On the near-threshold $\bar pp$ invariant mass spectrum measured in $J/\psi$ and $\psi'$ decays

TL;DR

This paper analyzes the near-threshold enhancement in the antiproton-proton invariant mass spectrum from $J/ar{p}p$ decays, attributing it to final-state interactions, and demonstrates that existing models can reproduce experimental data.

Contribution

It provides a systematic analysis of the $ar pp$ invariant mass spectrum using chiral effective field theory and phenomenological models, revealing the potential existence of a $ar NN$ bound state.

Findings

The $ar pp$ FSI can explain the observed spectrum enhancements.

The isospin-1 $^1S_0$ channel interaction suggests a possible $ar NN$ bound state.

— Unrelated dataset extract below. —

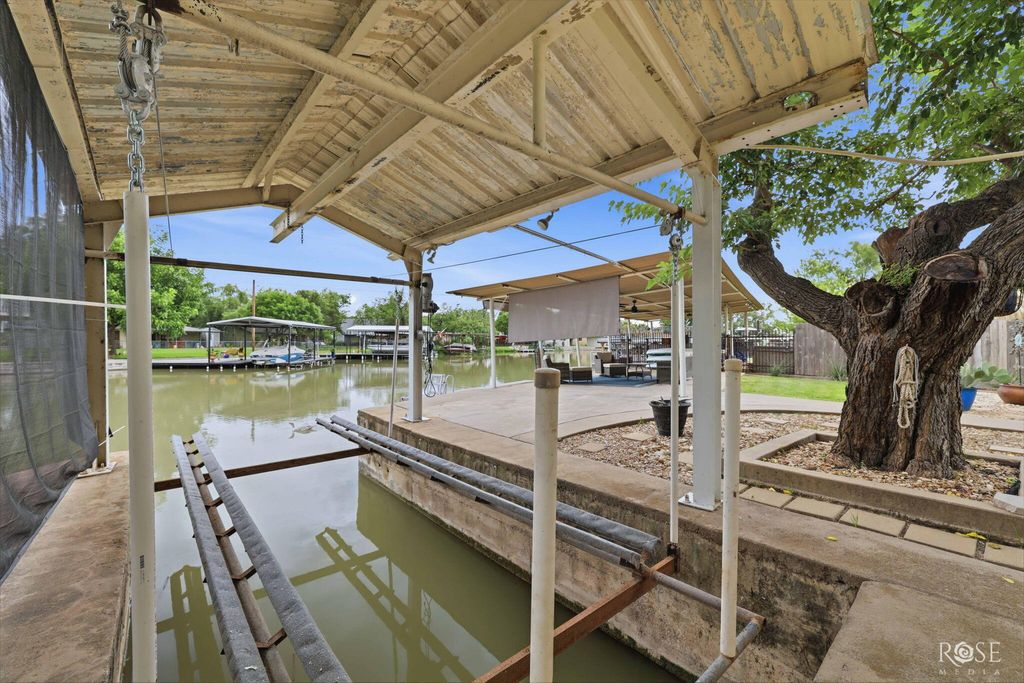 Image 45 of property listing at 2570 Sleepy Hollow Road, San Angelo, TX 76904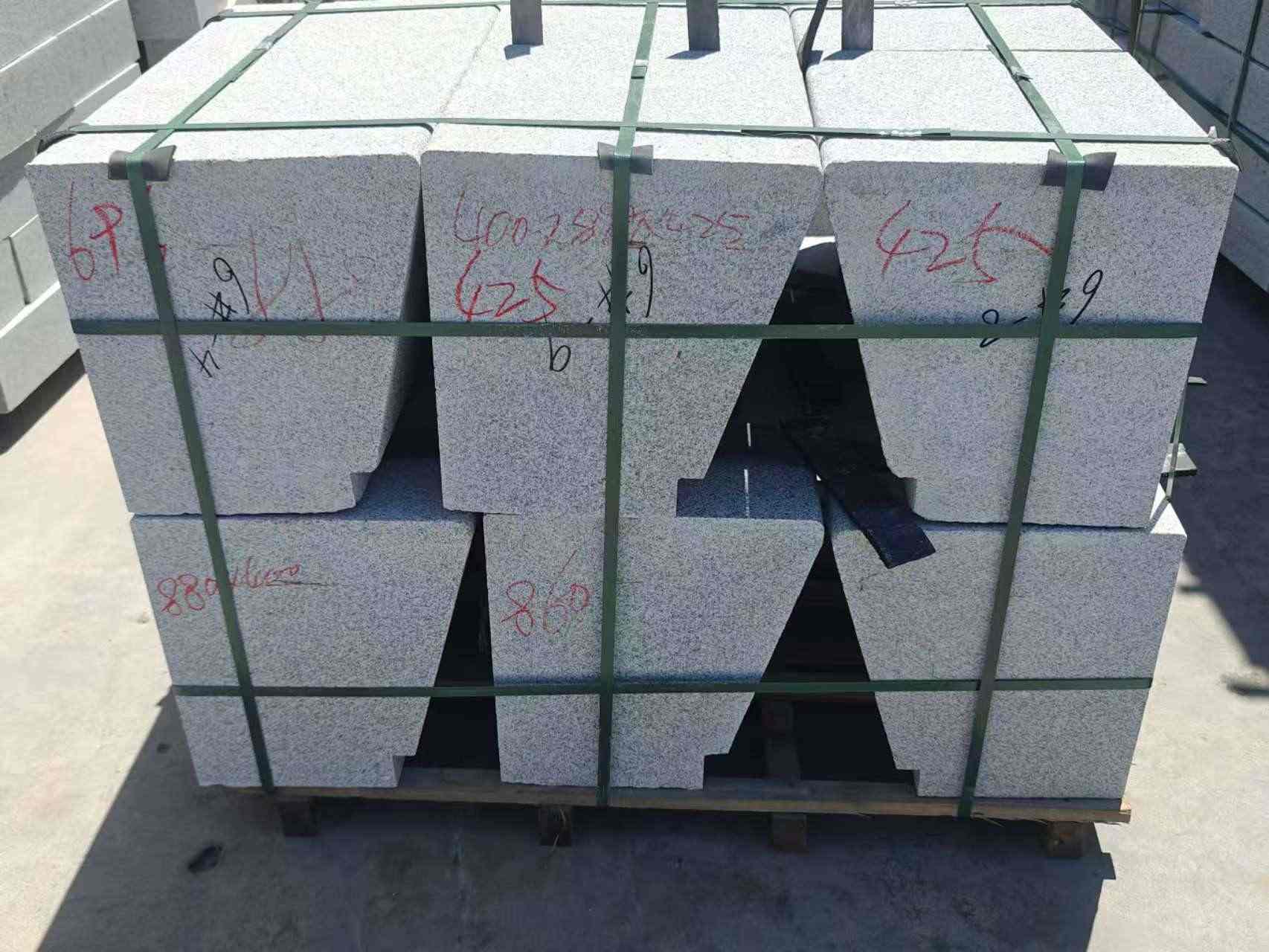 新疆 芝麻白异形坐凳，石凳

Both recent and older models successfully reproduce experimental data.

Abstract

A systematic analysis of the near-threshold enhancement in the $\bar pp$ invariant mass spectrum seen in the decay reactions $J/\psi \to x \bar pp$ and $\psi (3686) \to x \bar pp$ $(x = \gamma,\, \omega,\, \rho,\, \pi,\, \eta)$ is presented. The enhancement is assumed to be due to the $\bar NN$ final-state interaction (FSI) and the pertinent FSI effects are evaluated in an approach that is based on the distorted-wave Born approximation. For the $\bar NN$ interaction a recent potential derived within chiral effective field theory and fitted to results of a partial-wave analysis of $\bar pp$ scattering data is considered and, in addition, an older phenomenological model constructed by the J\"ulich group. It is shown that the near-threshold spectrum observed in various decay reactions can be reproduced simultaneously and consistently by our treatment of the $\bar pp$ FSI. It turns out that the interaction in the isospin-1 $^1S_0$ channel required for the description of the $J/\psi \to \gamma \bar pp$ decay predicts a $\bar NN$ bound state.